Mâzi bazen, yeniyi inşa etmek için hesaplaşılması gereken bir saha, bazen de “yenilik” diye sunulan değişimi yıpratmak için bir fırsat olur. Her iki halde de mazi, kendisine veya kendisinden hareket edilen çok mühim bir mevzudur. Kimilerince hedef tahtası haline getirilen bu düşman, başkalarınca içinde hâlâ hazineler saklı muhteşem bir saraydır.
Bu sâyede mâzinin bizi gizliden gizliye idare ettiğini rahatlıkla söyleyebiliriz. İster maziyi acımasızca tenkit edelim, istersek vazgeçilmez görelim, bu yüzden o cemiyet ve insan hayatının hemen her ânında geleceğe hükmeden ve ona yön tayin eden bir kuvvet kazanır.

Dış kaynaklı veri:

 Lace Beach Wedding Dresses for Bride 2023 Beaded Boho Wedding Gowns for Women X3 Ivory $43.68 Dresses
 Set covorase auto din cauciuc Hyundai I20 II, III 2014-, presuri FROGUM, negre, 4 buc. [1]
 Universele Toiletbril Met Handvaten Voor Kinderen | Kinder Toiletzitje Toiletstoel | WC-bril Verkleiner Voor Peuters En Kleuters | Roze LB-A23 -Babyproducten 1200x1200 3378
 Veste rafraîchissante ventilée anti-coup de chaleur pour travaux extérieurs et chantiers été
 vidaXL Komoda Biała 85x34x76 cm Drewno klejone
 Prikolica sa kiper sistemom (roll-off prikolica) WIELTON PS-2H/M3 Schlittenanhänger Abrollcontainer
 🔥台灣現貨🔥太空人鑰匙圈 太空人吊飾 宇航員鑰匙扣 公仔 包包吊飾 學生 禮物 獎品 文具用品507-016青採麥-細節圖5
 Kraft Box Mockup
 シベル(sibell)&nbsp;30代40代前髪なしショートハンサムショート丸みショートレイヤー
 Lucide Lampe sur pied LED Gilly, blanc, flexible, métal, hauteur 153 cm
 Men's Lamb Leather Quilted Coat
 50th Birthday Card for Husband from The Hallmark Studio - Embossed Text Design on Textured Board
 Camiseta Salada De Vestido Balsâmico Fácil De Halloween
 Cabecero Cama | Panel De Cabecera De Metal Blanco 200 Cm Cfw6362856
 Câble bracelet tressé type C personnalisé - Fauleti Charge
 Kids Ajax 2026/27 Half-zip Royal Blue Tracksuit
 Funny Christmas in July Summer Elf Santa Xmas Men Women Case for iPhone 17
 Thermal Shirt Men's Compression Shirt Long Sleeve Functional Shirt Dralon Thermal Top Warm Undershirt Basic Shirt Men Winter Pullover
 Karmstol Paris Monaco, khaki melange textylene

Geçmiş, bu sebepten bizim yakamızı hiçbir zaman bırakmaz.
Hâlin ve istikbalin bulanıklığı, mazinin berrak hatıralarını daima canlı tutar. “Ne olacak” endişesi içinde kıvranırken, el yordamıyla bulabildiğimiz bir dayanak noktasından kolayca vazgeçemeyiz. Mâzî hasreti, bu karanlığın ve bulanıklığın arasında rahatlıkla serpilir, cemiyete kabul ettirilen fikirlerin aleyhine hareket etmede bir siper vazifesi görür.